Changes in serum Cr and κ-FLC levels in response to daratumumab, lenalidomide, and dexamethasone. The patient was dialysis-independent after the fourth dose of daratumumab by rapid reduction of κ-FLC levels. FLC free light chain, Cr creatinine
Discussion
RI is a well-known complication of MM and is associated with poor prognosis [1–3]. In MM patients with acute kidney injury, a 60% reduction in the FLC levels after an effective chemotherapy within 21 days contributes to improvement in renal function and prolonged survival time [7]; hence, agents with prompt tumor-suppressive effects are preferred. Proteasome inhibitor, such as bortezomib, is preferable in MM with RI because it has a shorter hematological and renal response time than immunomodulatory drugs [8]. However, proteasome inhibitors present a certain risk of cardiotoxicity. The frequency of cardiovascular adverse events in proteasome inhibitors has been reported to be 51% for carfilzomib and 17% for bortezomib [9]. The risk factors for cardiovascular adverse events are considered to be the use of carfilzomib, elevated baseline natriuretic peptide levels, and worsening of natriuretic peptide levels during one cycle of chemotherapy. Therefore, although the patient had severe RI requiring dialysis, she was treated with an LEN-based regimen rather than with bortezomib to minimize the risk of exacerbating heart failure complicated by triple vessel coronary artery disease. In the present case, we observed a rapid decrease in the level of involved FLCs within only one week of daratumumab and LEN/DEX therapy. Therefore, daratumumab could compensate for the inferior time for treatment response to immunomodulatory drugs.
The present case underwent hemodialysis during chemotherapy. The hemodialysis might have affected the decrease in FLCs, but VPS-11HA is a dialyzer with small membrane area and low dialysis efficiency. She was not receiving hemodiafiltration or plasma exchange. We therefore believe that the main cause of the rapid reduction in FLCs is not removal by hemodialysis.
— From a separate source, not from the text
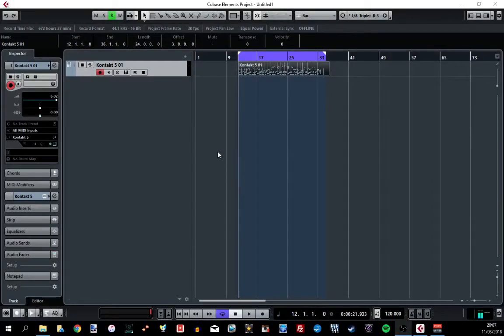Hello everyone. In this video I'm going to show you how to use automation in Cubase.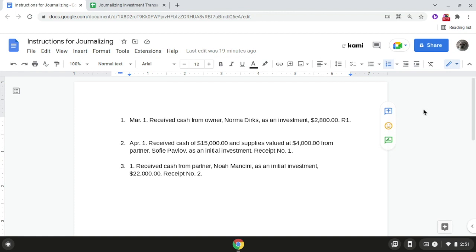Hi everyone, this video will go over how to journalize investment transactions. For transaction number one on March 1st, we received cash from owner Norma Dirks as an investment of $2,800, receipt number one.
MM is a disease that develops predominantly in the elderly [10]. Elderly patients often have various comorbidities, such as cardiovascular disease, chronic kidney disease, and metabolic syndrome. Thus, it is important to continue safe chemotherapy for such patients to avoid exacerbation of their condition from the viewpoint of onconephrology. In the present case, since the patient had severe RI and ischemic heart disease, the standard dose of daratumumab was administered by adjusting the infusion rate to reduce the heart load, thereby avoiding exacerbating heart failure. Infusion-related reactions, such as fever and chest discomfort, were observed, but they did not result in patient non-compliance with the treatment. We reported previously a similar case of MM where the patient required daratumumab therapy with a reduced infusion rate and dialysis [11]. We believe that daratumumab can be used safely and effectively in patients with severe RI and cardiac disorders. Recently, Mateos et al. reported a randomized, open-label, phase 3 trial (COLUMBA) in patients with myeloma, in which the subcutaneous administration of daratumumab was non-inferior to intravenous administration [12]. Although that study excluded patients with severe RI and an estimated creatinine clearance of < 20 mL/min/1.73 m2, the subcutaneous administration of daratumumab in a clinical setting may be useful for fluid management in patients with severe RI complicated by heart disease in the near future.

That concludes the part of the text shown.